A company must try to manage its costs so that it eventually makes a profit, with total sales ideally being larger than the total amount of capital it takes to run the business. These costs can include salaries and depreciation of assets, as well as other fixed costs that the company must endure to maintain daily operations. By contrast, cost of revenue refers directly to the cost of making and selling goods to the public.
The most obvious component of cost of revenue is the cost that a company must incur to actually manufacture the products that it sells. This measurement is also known as cost of goods sold, and it is one way in which a company can judge its efficiency in producing its goods and services. If a company can keep these costs low, it may be able to incur larger costs in other areas as a means of selling its products.
It is important to realize that the cost of revenue goes well beyond the cost of goods sold. For example, there are costs of distribution attached to getting the products from the place where they were manufactured to where they can be sold.

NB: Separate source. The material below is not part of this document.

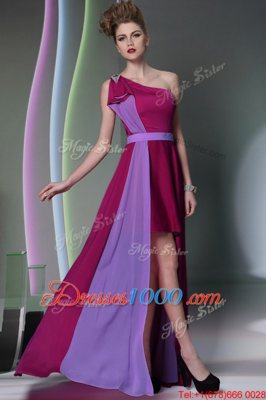 Sumptuous Column/Sheath Prom Party Dress Burgundy One Shoulder Chiffon Sleeveless High Low Side Zipper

In addition, these extraneous costs can include marketing costs, by which a company alerts the public about the products it plans to sell. Commission costs owed to salesmen may also be included in these costs.
As it includes every step in the process by which products are created and sold, cost of revenue is often the measurement that financial experts and investors use when making an assessment of a company. While cost of goods sold is certainly important, it falls short by leaving out costs that can be quite significant. This is especially true of companies in the service industry, where the costs of manufacturing and distributing products are difficult to separate.